Your answer must hold only the lines below from the line containing "Hello guys, in" through the line containing "Documents. It opens", each reproduced exactly.
*** RECORDS SHOWN ***
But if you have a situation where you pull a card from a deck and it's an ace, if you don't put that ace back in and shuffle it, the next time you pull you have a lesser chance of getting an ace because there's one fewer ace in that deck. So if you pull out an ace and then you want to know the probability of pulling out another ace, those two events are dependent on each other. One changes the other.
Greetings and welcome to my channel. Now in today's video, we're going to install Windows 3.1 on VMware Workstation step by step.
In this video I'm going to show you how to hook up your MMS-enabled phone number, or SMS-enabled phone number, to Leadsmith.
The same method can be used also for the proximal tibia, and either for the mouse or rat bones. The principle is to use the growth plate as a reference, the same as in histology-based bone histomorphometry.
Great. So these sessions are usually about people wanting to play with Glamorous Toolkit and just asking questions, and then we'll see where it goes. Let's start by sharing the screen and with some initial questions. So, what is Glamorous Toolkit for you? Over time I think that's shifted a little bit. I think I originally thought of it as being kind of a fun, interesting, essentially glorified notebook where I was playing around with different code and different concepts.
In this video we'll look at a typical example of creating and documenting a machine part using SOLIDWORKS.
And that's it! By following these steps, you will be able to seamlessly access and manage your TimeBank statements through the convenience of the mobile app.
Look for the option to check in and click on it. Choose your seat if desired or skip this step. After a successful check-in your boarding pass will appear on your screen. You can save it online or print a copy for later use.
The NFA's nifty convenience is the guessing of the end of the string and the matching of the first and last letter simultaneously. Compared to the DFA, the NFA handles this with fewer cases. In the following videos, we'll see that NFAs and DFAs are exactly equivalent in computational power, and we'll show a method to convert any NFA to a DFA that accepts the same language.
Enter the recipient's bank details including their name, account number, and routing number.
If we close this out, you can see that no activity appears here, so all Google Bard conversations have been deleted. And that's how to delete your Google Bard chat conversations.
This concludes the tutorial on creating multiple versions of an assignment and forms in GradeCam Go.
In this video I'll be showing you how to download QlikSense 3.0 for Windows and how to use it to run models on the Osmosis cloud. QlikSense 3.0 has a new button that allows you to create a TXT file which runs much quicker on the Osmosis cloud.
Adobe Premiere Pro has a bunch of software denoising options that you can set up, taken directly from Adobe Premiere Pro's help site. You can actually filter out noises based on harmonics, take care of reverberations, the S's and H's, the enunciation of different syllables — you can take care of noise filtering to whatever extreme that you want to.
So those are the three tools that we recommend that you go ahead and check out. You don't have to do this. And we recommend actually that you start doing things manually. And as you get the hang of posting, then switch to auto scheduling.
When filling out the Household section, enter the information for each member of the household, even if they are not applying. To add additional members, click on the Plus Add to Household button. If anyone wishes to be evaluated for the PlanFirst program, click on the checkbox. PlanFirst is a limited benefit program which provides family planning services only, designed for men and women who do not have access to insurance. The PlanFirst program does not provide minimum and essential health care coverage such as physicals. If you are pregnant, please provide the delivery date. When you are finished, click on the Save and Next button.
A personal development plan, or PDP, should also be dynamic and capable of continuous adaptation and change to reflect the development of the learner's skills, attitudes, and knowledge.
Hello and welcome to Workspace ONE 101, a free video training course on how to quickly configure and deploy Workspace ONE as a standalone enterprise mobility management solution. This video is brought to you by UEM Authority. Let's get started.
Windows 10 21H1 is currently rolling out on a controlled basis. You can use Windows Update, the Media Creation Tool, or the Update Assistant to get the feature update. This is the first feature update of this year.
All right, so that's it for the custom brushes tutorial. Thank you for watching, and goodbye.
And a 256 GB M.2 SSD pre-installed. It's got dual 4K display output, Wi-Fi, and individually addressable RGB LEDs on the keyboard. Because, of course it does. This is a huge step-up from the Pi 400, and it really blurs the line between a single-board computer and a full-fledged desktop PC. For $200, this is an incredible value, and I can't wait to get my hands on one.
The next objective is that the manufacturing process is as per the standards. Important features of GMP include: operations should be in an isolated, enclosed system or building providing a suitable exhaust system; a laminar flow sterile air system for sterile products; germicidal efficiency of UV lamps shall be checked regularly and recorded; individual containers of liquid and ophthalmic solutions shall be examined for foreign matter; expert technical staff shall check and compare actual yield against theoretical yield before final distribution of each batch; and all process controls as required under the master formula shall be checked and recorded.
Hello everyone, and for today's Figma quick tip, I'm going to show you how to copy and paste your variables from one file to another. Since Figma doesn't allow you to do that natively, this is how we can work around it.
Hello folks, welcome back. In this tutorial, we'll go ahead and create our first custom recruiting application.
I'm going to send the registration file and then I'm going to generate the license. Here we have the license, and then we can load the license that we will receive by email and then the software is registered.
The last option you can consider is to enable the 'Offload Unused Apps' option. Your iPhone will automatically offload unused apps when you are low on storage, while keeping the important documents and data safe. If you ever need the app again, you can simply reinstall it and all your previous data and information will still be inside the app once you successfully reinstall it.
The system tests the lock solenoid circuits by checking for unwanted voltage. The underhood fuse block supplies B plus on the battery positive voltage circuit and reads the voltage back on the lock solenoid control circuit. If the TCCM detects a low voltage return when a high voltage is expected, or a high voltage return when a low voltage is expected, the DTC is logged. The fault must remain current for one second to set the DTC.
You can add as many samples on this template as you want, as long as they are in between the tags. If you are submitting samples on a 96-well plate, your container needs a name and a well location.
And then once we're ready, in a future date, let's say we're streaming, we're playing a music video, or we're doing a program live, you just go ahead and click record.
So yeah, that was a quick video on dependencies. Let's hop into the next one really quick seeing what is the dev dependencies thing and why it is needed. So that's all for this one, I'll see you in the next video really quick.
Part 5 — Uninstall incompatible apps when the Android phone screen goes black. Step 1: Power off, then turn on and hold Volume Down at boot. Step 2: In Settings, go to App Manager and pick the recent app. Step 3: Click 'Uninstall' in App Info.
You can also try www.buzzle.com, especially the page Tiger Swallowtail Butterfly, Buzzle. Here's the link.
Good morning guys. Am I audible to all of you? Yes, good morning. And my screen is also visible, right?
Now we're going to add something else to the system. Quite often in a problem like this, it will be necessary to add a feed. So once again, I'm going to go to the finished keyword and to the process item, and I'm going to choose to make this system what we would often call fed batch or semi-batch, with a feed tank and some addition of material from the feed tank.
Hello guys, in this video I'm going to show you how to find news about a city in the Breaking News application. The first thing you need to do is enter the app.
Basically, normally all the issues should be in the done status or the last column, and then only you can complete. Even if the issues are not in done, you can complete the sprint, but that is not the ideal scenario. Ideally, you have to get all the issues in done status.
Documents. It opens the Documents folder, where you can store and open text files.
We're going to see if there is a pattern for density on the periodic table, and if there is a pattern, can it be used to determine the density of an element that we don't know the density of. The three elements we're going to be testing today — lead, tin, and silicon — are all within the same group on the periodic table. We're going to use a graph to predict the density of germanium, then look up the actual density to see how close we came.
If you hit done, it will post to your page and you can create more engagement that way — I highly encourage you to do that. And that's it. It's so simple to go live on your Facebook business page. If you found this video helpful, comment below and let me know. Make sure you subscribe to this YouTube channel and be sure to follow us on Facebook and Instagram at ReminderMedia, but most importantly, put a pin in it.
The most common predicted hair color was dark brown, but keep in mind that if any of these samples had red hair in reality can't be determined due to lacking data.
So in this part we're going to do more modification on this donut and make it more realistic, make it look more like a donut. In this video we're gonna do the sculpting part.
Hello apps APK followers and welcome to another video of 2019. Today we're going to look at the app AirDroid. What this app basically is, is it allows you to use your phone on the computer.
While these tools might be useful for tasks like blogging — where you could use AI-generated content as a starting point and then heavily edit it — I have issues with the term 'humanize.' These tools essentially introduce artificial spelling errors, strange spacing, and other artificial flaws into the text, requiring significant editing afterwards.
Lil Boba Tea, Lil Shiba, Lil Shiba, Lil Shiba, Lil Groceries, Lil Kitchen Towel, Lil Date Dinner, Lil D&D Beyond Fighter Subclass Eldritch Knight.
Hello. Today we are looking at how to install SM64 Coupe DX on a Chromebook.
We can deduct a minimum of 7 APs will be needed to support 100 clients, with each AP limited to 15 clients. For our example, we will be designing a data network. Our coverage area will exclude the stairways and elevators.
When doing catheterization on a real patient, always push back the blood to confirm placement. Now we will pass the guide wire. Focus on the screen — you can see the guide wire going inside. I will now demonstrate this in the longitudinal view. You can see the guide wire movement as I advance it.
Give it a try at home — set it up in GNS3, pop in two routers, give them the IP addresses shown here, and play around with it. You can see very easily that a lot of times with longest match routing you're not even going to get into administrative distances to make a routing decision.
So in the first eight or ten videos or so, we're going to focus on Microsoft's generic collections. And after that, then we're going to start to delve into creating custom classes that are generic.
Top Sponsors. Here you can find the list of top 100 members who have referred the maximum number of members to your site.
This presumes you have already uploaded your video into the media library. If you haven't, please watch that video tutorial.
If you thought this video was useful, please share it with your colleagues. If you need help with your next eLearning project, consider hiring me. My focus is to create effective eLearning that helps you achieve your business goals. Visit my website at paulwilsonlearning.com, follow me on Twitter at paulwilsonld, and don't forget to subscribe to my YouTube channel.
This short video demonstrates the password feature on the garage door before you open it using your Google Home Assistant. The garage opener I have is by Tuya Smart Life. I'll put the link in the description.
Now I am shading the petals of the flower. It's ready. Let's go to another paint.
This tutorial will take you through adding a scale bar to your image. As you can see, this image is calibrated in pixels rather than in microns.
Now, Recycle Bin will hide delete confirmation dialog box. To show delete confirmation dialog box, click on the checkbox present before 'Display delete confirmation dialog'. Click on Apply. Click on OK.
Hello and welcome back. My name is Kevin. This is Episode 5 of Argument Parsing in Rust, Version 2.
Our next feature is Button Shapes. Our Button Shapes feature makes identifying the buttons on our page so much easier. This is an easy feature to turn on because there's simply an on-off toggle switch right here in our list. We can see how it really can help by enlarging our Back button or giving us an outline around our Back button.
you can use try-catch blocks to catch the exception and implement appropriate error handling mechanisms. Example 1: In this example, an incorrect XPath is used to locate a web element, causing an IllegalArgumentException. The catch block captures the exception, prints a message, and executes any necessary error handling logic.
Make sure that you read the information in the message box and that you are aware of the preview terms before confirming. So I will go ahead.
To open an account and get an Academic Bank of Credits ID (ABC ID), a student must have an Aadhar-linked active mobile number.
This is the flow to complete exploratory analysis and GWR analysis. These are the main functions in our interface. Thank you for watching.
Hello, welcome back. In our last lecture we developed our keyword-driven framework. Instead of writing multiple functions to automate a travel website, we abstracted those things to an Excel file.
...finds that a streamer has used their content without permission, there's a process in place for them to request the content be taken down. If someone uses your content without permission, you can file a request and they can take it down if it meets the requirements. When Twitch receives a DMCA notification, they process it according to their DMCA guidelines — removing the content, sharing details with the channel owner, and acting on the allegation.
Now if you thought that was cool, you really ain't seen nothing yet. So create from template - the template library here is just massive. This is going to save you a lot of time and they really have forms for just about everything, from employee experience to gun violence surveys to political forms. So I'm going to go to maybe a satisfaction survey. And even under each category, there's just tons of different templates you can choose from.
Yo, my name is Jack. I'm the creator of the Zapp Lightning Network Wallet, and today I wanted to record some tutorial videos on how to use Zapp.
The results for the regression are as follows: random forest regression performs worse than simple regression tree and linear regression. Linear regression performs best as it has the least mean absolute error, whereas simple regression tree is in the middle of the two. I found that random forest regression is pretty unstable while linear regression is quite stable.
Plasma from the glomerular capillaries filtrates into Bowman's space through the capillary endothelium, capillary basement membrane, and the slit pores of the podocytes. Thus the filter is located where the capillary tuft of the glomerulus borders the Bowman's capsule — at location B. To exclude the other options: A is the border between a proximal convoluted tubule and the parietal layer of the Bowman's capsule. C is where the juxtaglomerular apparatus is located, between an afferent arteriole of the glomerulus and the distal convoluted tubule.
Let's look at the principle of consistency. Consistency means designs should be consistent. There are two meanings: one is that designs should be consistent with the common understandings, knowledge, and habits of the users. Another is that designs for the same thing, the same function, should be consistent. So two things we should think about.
***
- **RESPONSE AREA**
Hello guys, in this video I'm going to show you how to find news about a city in the Breaking News application. The first thing you need to do is enter the app.
Basically, normally all the issues should be in the done status or the last column, and then only you can complete. Even if the issues are not in done, you can complete the sprint, but that is not the ideal scenario. Ideally, you have to get all the issues in done status.
Documents. It opens the Documents folder, where you can store and open text files.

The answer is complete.